The essay by Hoagland, as I reread it now, seems almost gemlike in its clarity. Its vision is sharp, with many clear images joined. And the best thing is that it manages to propose a complex idea in a simple way. Here are a couple of sentences from “Summer Pond":

A log sunk on the bottom looms like a snapping turtle. The stems of the pond lilies, rising five feet, tangle one’s arms a little frighteningly—people have sometimes drowned that way—and leeches live among them, eating the bullfrogs’ eggs.

This is what is seen by the swimmer as he gazes downward, and I see now how carefully Hoagland put this piece together, showing us the metaphor alive in the lilies. Back then, as a callow teacher, I saw a rather charming little vignette and felt it would be a good way to begin our course.

What I wanted in return were 20 essays, tightly composed, that would bring me into their worlds. The thought was to allow each kid to write from a place of certain knowledge—his or her own backyard—so that “subject” would be easy to master, which would leave the writer free to work on “style” and “form.”

Well, it wasn’t that easy. Two of the essays, one by a 15-year-old named James, who lived on a farm in Delaware, and another from16-year-old Dennis, living on the big island of Hawaii, were easy to read and gave me some idea of what was going on around them. In each I learned of a house, weather, plants, something of the surroundings—rural and suburban, respectively. But the other essays were rough, and even in the “good” pieces it was clear that we had failed to communicate. I hadn’t really told them what I liked in the Hoagland essay, what I wanted them to emulate.
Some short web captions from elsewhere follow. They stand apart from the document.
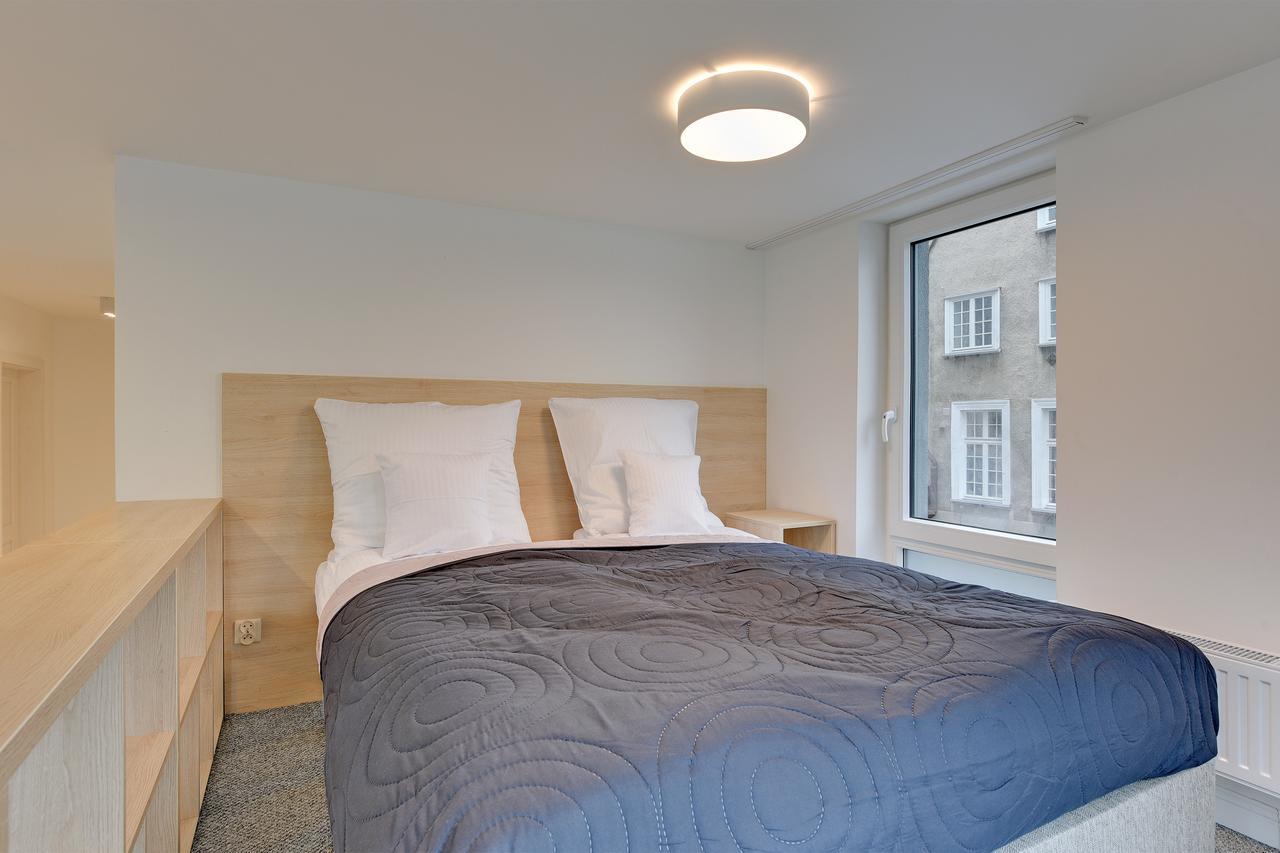 Chrobry Apartamenty Gdansk Grodzka 10 Luaran gambar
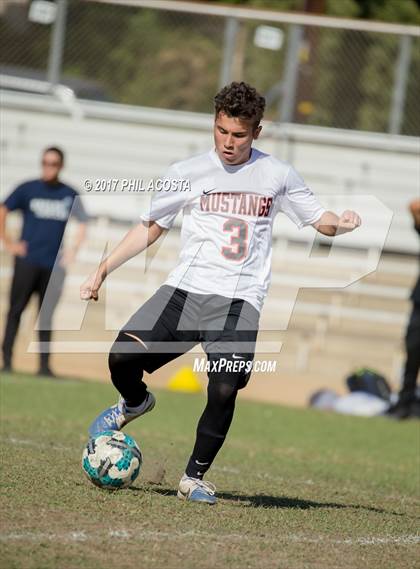 Thumbnail 3 in Gabrielino vs Arleta photogallery.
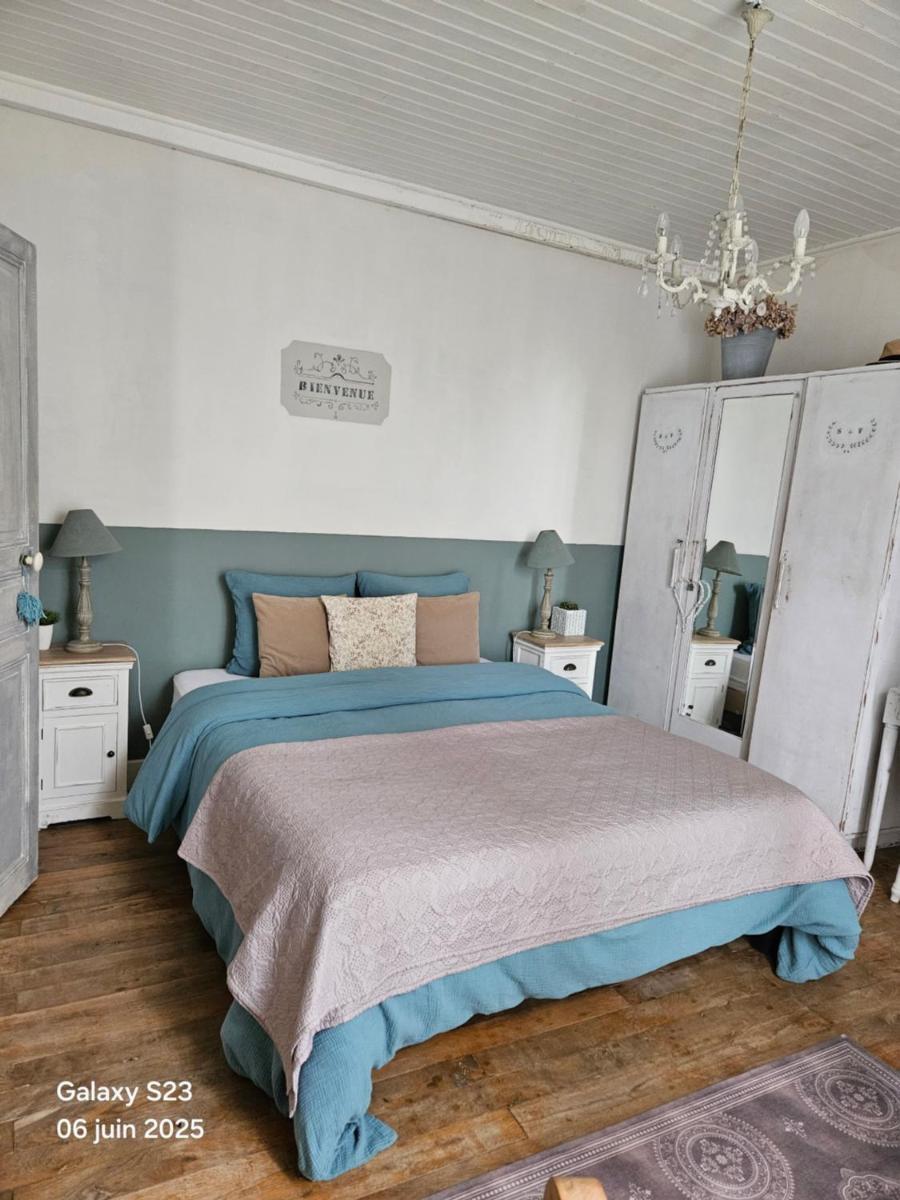 Chambre d'hôte équestre Au petit bonheur - Hizvo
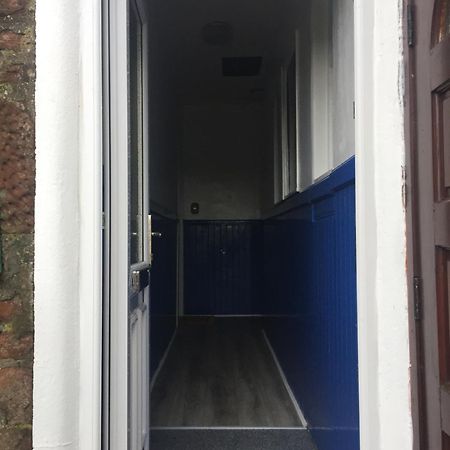 Garden Gate Upper Apartment 프레스트위크 외부 사진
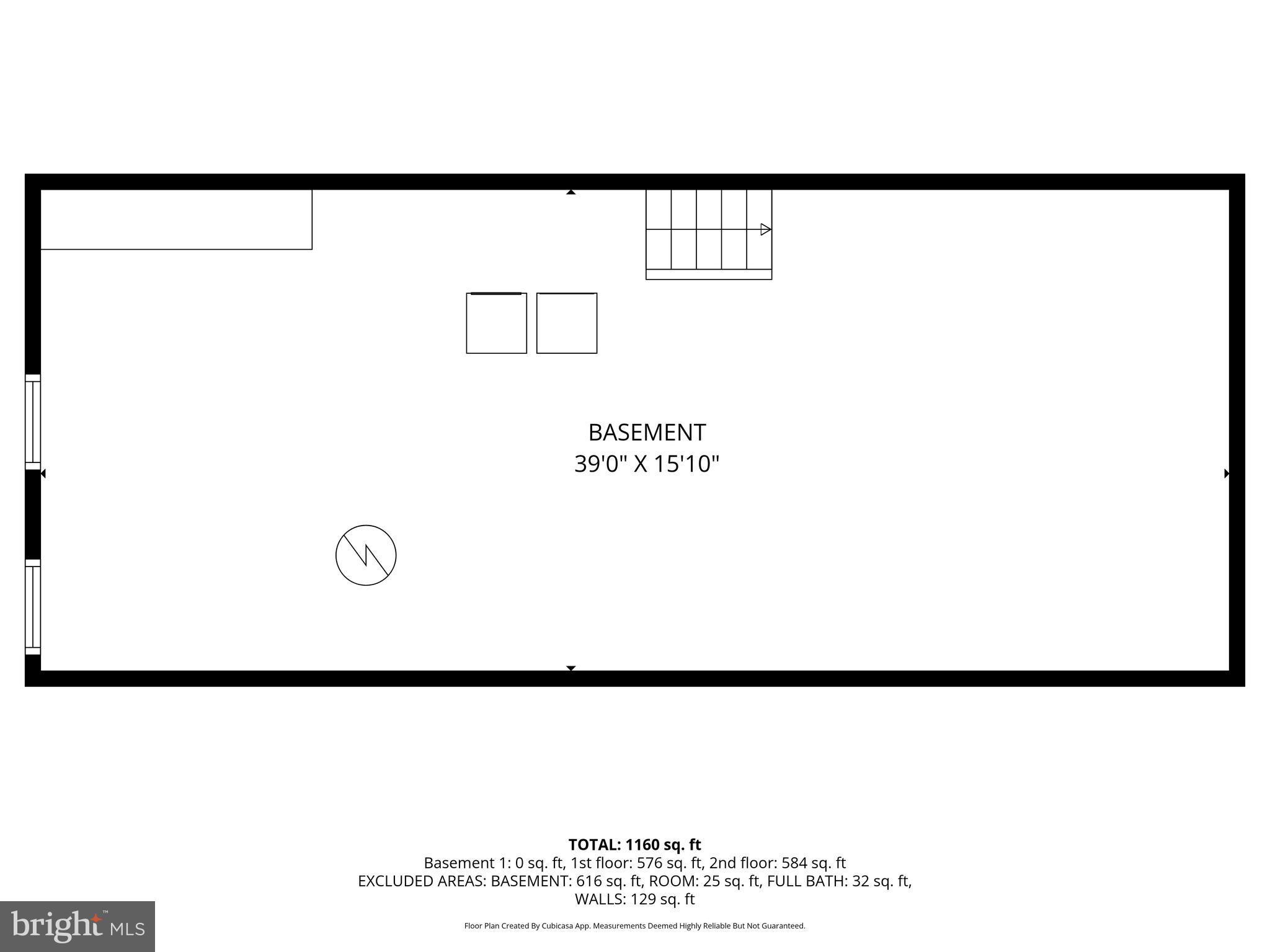 OLD TOWN ALEXANDRIA - Residential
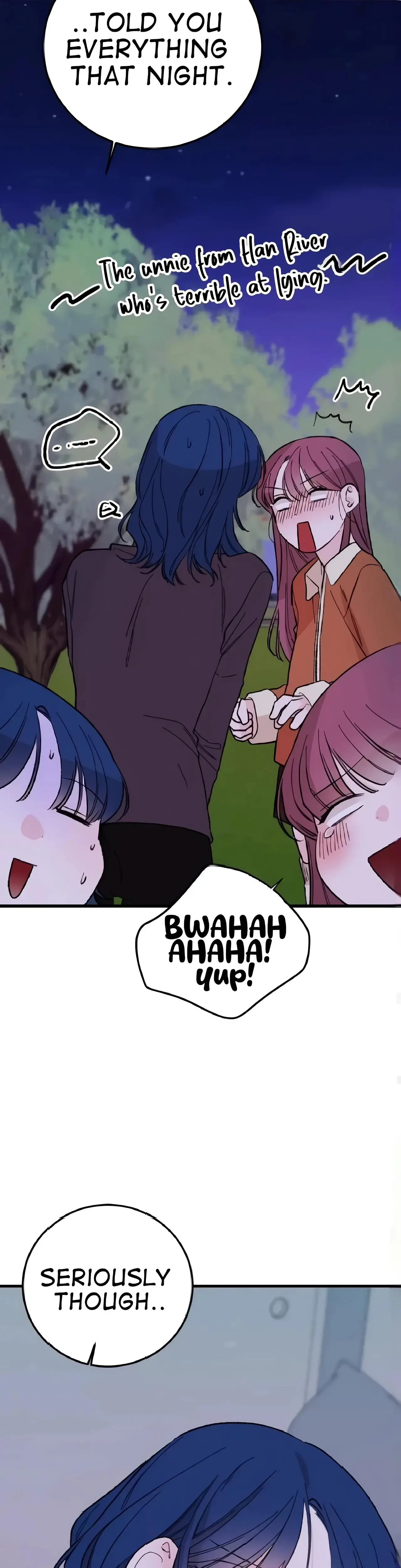 Relationship Users Manual Episode 8 - Page 12
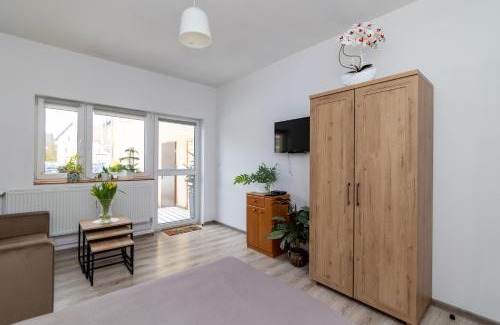 Polanica-Zdroj Apartment | Apartament u Andrzeja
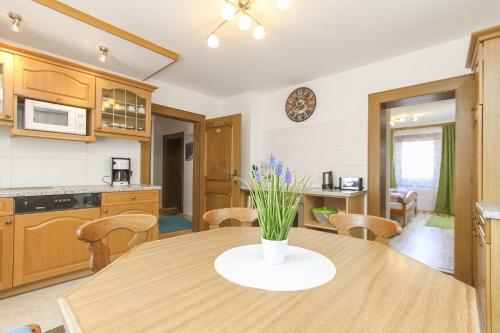 Apartamento Haus Breitfuss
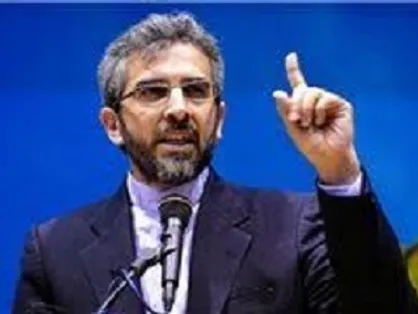 جلسه &laquo;تحلیل وبررسی سیاست خارجی و سرانجام برجام&raquo; در دانشگاه علوم پزشکی مشهد برگزار می&zwnj;شود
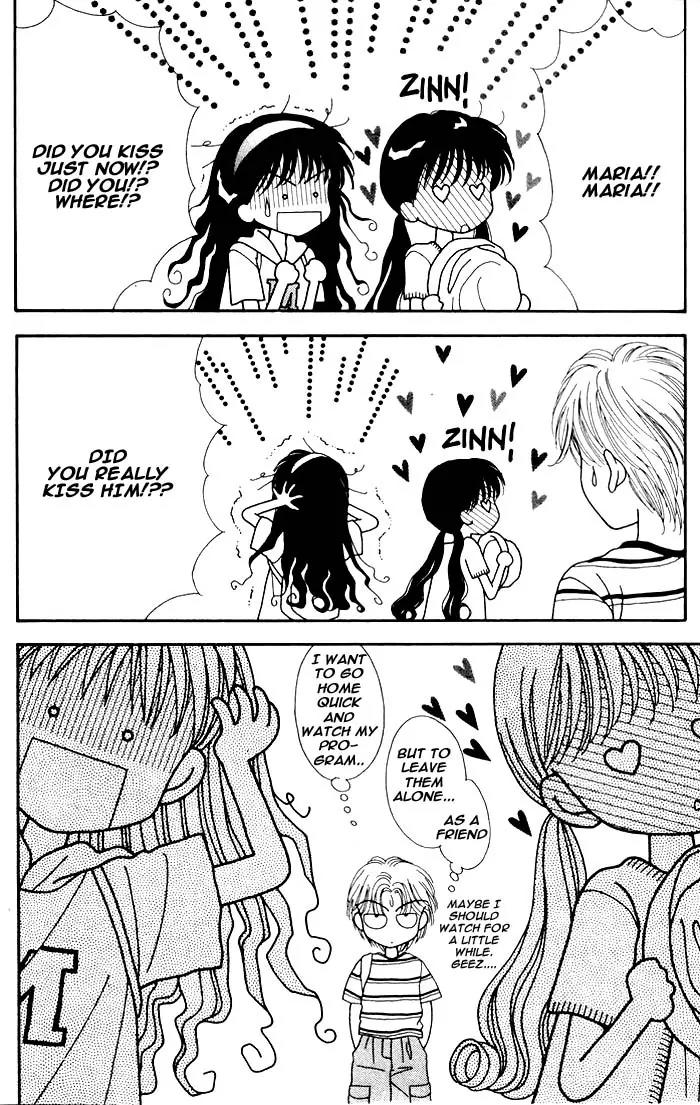 Mint na Bokura Chapter 4 page 37 - Chapter 4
This was the problem: Although I knew what sort of writing I liked when I read it, I couldn’t yet put into words what made it good. I realized my failing soon after I’d received the 20th essay in the mail. It was late afternoon, the air was crisp, the sun was streaming weakly through the treetops. I was strolling down the cracked asphalt of Hatchville Road toward the old cemetery that stretched behind the meeting house. Brown and yellow Norway maple leaves were strewn everywhere and rustled underfoot, and I was musing that I really didn’t know what the hell “good writing” was. I was also musing that,although the meeting house was now the home of a Jewish congregation, the graves were those of families who’d settled the land hundreds of years before—people with names like Hatch and Landers and Eldridge. Plus, I lived among neither Quakers nor Jews in the old parsonage; they were more like a bunch of tofu-eating agnostics. We were all so specific in our definitions.

Although I knew what sort of writing I liked when I read it, I couldn’t yet put into words what made it good.

I turned into the cemetery, walked 40 yards or so, and sat down. The graves were set in rows that undulated gently over the lumpy ground, and the stones were largely slate and dark gray, with deeply carved letters saying simple things—Jonathan Hatch, 1826-1864. Most of the stones leaned one way or another, and several small stands of red cedar broke the grassy expanse, which sloped gently down and west, away from the gray-shingled, boxy meeting house, and then gave way to woods—a thicket of pin oak and cat brier, with bittersweet and fox grape climbing through and entangling all.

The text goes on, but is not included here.